Tuesday, December 1, 2015

Inconsistency in Interpretation of Current Events

OK, I normally try to rein in my thoughts related to current events and politics. While my "conservative" leanings are no secret or surprise, I am not a lock-step "right wing" person, and try to think clearly on issues. Yesterday, as I heard people trying to link the Colorado Springs shooter with "pro-life" arguments against abortion generally and Planned Parenthood specifically, I became frustrated at the false equivalence. Just because one deranged person MAY have decided to do something heinous and would claim to be acting out of a motive to punish PP for its selling of baby parts (we don't really know what his motive is other than one report released by PP claiming a remark was made to that effect) does NOT mean that the argument against abortion or PP incited this man, or is somehow responsible for the violence. And his very anti-prolife actions do not justify ending the argument in any way.

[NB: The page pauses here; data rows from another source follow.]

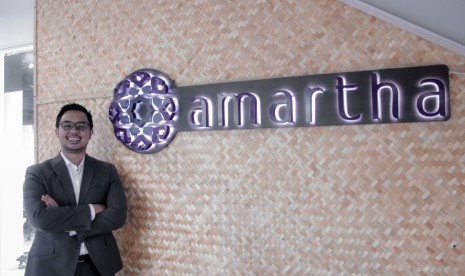 Andi Taufan Garuda Putra, Pendiri dan CEO Amartha. PT Amartha Mikro Fintek (Amartha) pionir fintech peer to peer lending (p2p lending) yang berfokus pada pemberdayaan perempuan melalui permodalan dan pendampingan usaha, bekerjasama dengan dengan Lendable Inc, perusahaan berbasis di Amerika Serikat yang menyalurkan permodalan kepada fintech untuk memberikan akses keuangan guna meningkatkan inklusi keuangan di seluruh dunia.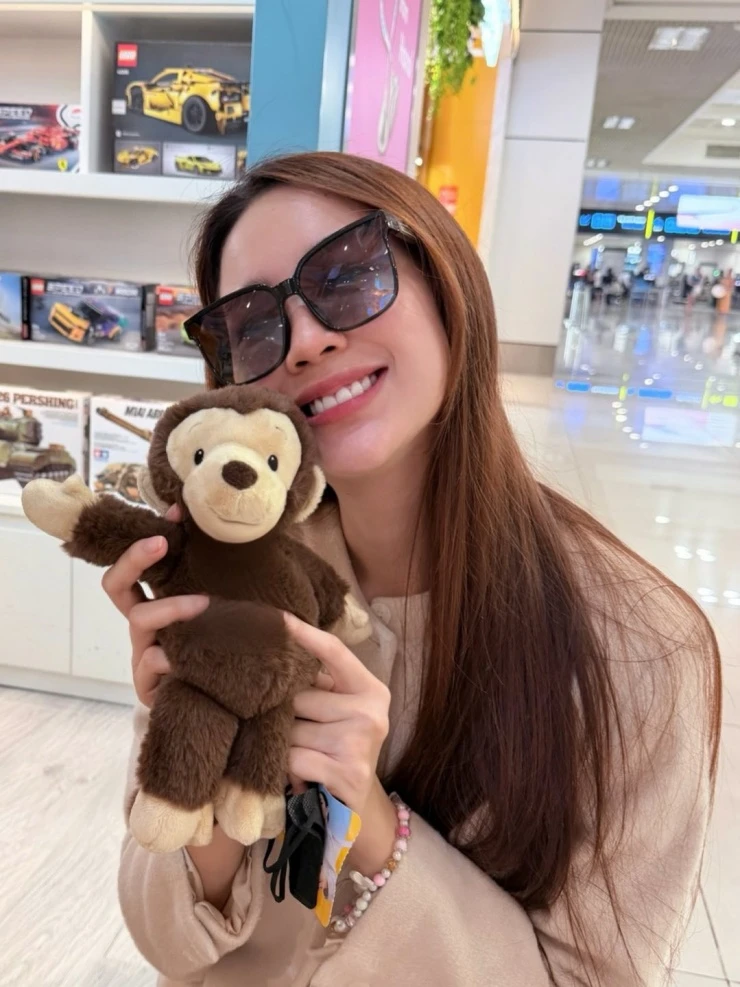 Ảnh sao 15/4: Công chúa hàng hiệu Tiên Nguyễn xách túi tiền tỷ ở Thụy Sĩ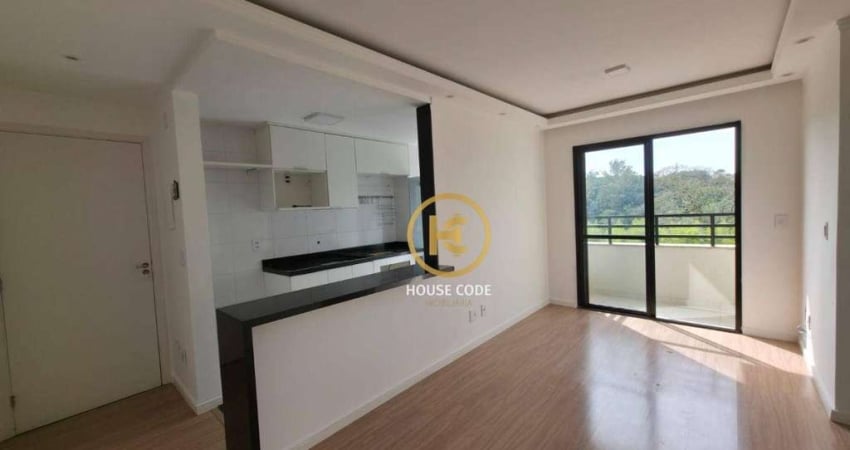Apartamento semi-mobiliado, disponível para venda no Jardim Ísis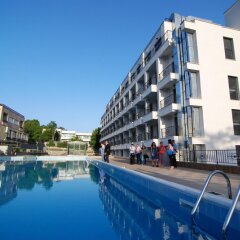 White Rock Castle Suite Hotel бассейн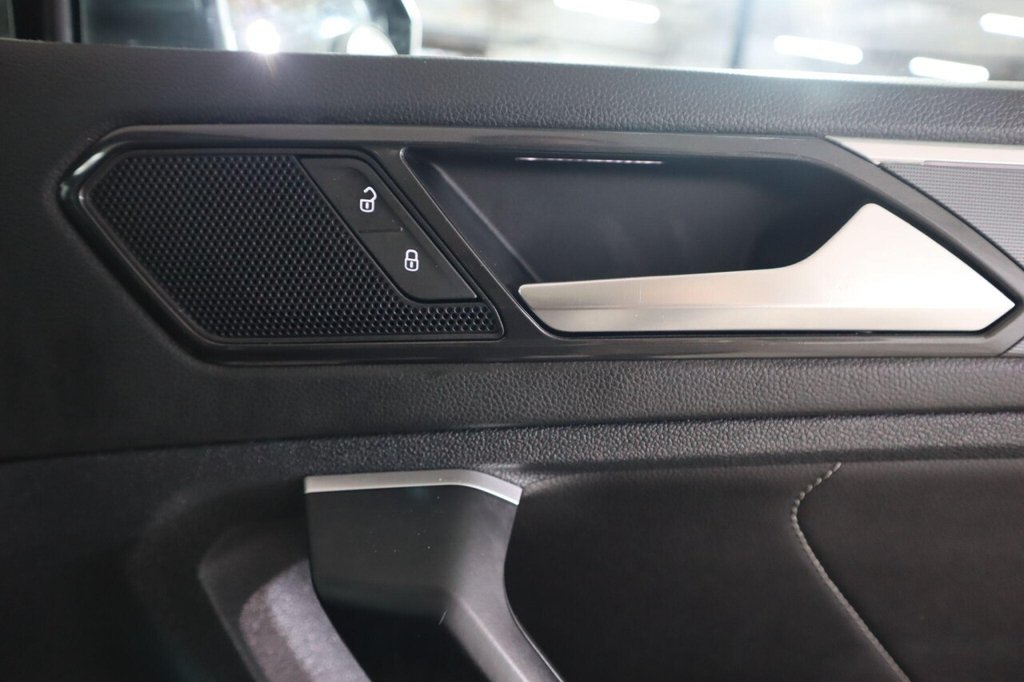 Used Volkswagen Tiguan 2018 for sale - 76986402: Photo 20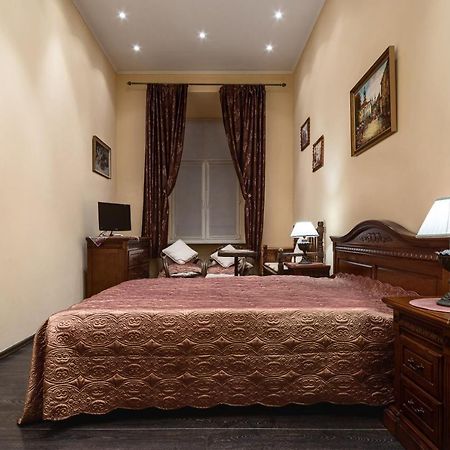 Bed & Breakfast In Downtown 利沃夫 外观 照片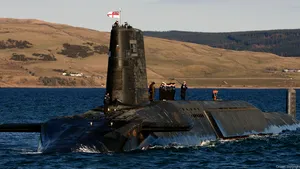 MONITORUL APĂRĂRII | Alertă în Marea Britanie: Complex pentru fabricarea submarinelor nucleare, evacuat/ Anunţul autorităţilor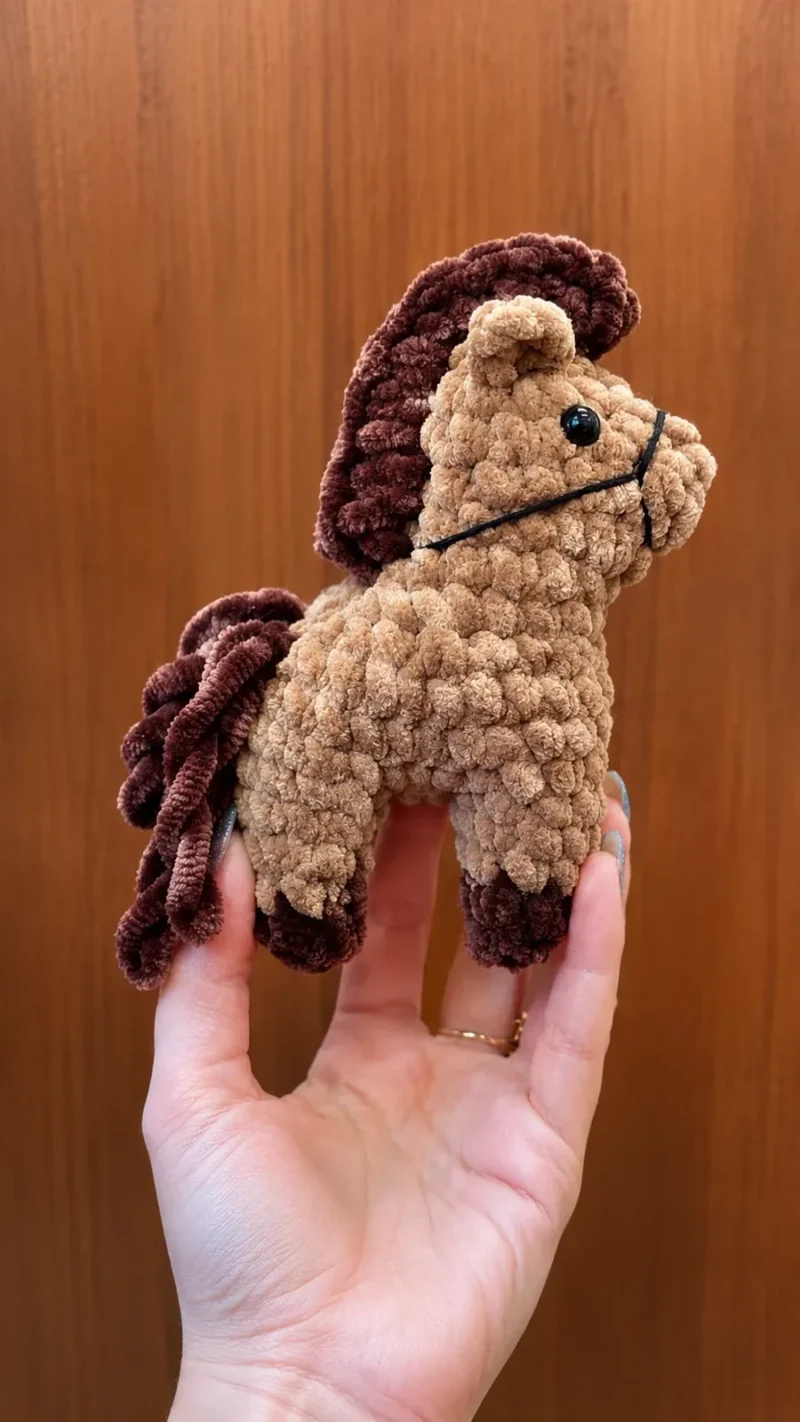 Little plush horse amigurumi in single crochet — photo 2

Jim Geraghty writes a daily newsletter, "The Morning Jolt." He commented on this response and the generally unbalanced way such links between violence and a "cause" are drawn today. I was so impressed, I'm republishing it here (the links provided in the content are his, not mine).

The On-Again, Off-Again Arguments about ‘Dangerous Rhetoric’ Leading to Violence 

Let me get this straight. In the eyes of the Left . . .
. . . criticism of Planned Parenthood means something like the shooting in Colorado “was bound to happen“ . . .
. . . when an event by Pamela Geller is targeted by an Islamist shooter, it is “not really about free speech; it [is] an exercise in bigotry and hatred” and the attempt to kill her means she has “achieved her provocative goal” . . .
. . . while at the same time, investigators contend we may never know what motivated a 24-year-old Muhammad Youssef Abdulazeez to kill four Marines and a sailor in an attack on Chattanooga’s U.S. Naval and Marine Reserve Center last July . .
. . . a shooting by a diagnosed schizophrenic, who believed that grammar was part of a vast, government-directed mind control effort, is characterized by the Southern Poverty law Center as having views that are the “hallmark of the far right and the militia movement” . . .
. . . while the shooter who opened fire in the lobby of the Family Research Council in downtown Washington in 2012, who planned to target the Traditional Values Coalition next, does not spur any need for a broader discussion or societal lessons about the demonization of political opponents . . .
. . . but there’s little reason to ask whether the Oregon shooter’s decision to target Christians reflects a broader, societal hostility to Christians, or whether it reflects his personal allegiance to demons . . .
. . . when white supremacist Dylann Roof commits an act of mass murder in an African-American churchSalon declares, “White America is complicit” and the Washington Post runs a column declaring, “99 percent of southern whites will never go into a church, sit down with people and then massacre them. But that 99 percent is responsible for the one who does” . . .
Do I have all that right? And does that make sense to anyone?
Wouldn’t Occam’s Razor suggest that those already driven by a desire or compulsion to kill other people are going to do so, and will merely latch on to whatever “reason,” justification, or excuse is at hand or is most convenient? Isn’t it ridiculous to expect sane people to watch what they say and restrict what thoughts they express in order to prevent a rampage by someone with an inherently illogical, literally unreasonable, not-sane thinking process?
Isn’t “don’t say what you think, because it might set off a crazy person” the most insidious form of censorship, because none of us can really know what prompts a crazy person to go on a violent rampage?

We must not forget that, in a fallen world, evil people (read, "all of us at some level or another") can also be unhinged people, and that combination will always be difficult to understand and their actions to explain.